### Exercise aim
Write out every entry exactly; the pictures do not belong in the copy.

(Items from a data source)
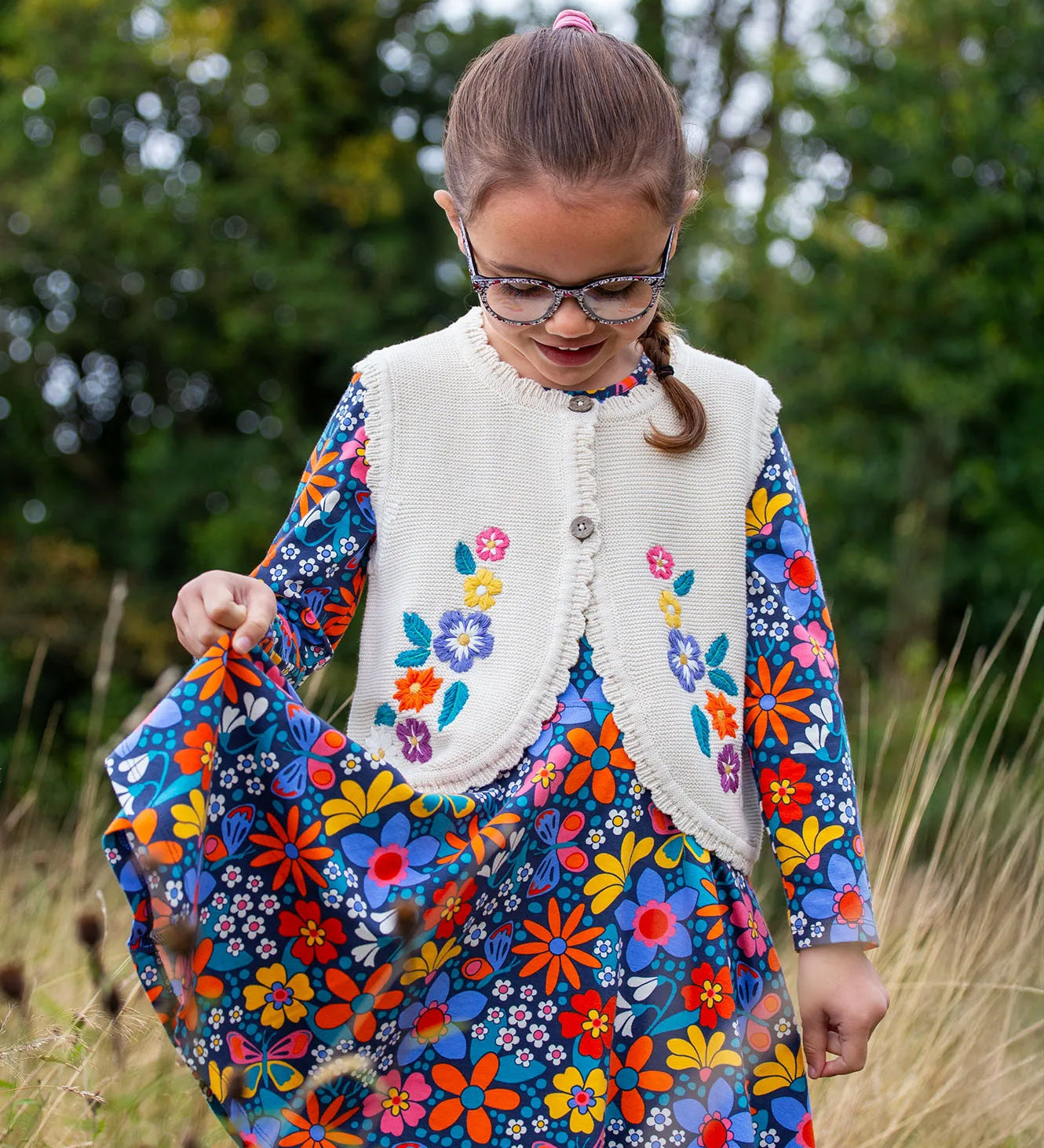 A girl wearing the Frugi Oatmeal Flowers Connie Cotton Knitted Sleeveless Cardigan available at Babipur. This white oatmeal sleeveless cardigan has cute scalloped edges and is decorated with pretty embroidered flowers and leaves on the front.
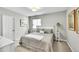 Neutral bedroom featuring a queen bed, matching side tables, and natural light at 8661 S De Gaulle Ct, Aurora, CO 80016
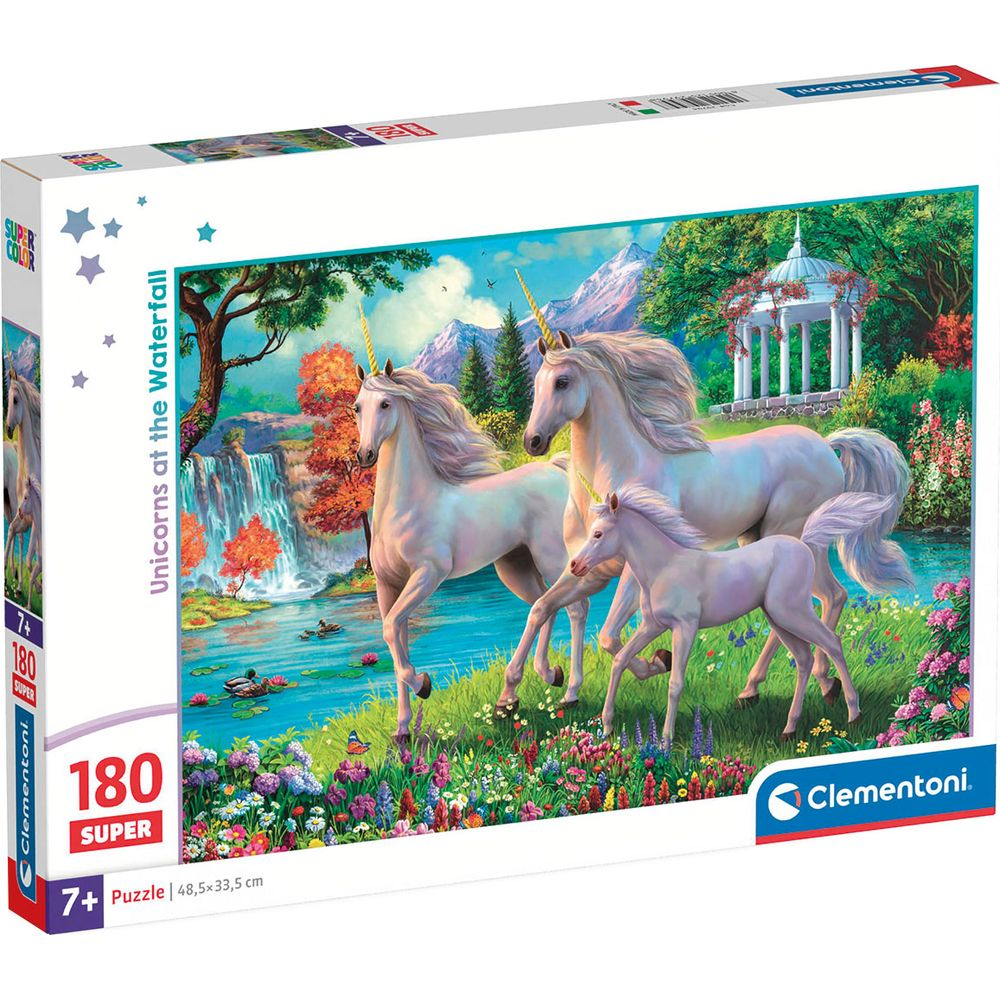Tres unicornios blancos en prado florido ante cascada y montañas.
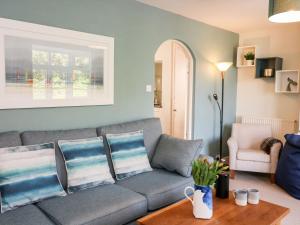 a living room with a couch and a table at Tor Cottage in Salcombe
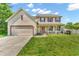 Charming two-story home with a well-maintained lawn, attached garage, and welcoming front porch at 2115 Napa Cir, Indianapolis, IN 46214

### Exercise response
 A girl wearing the Frugi Oatmeal Flowers Connie Cotton Knitted Sleeveless Cardigan available at Babipur. This white oatmeal sleeveless cardigan has cute scalloped edges and is decorated with pretty embroidered flowers and leaves on the front.
 Neutral bedroom featuring a queen bed, matching side tables, and natural light at 8661 S De Gaulle Ct, Aurora, CO 80016
Tres unicornios blancos en prado florido ante cascada y montañas.
 a living room with a couch and a table at Tor Cottage in Salcombe
 Charming two-story home with a well-maintained lawn, attached garage, and welcoming front porch at 2115 Napa Cir, Indianapolis, IN 46214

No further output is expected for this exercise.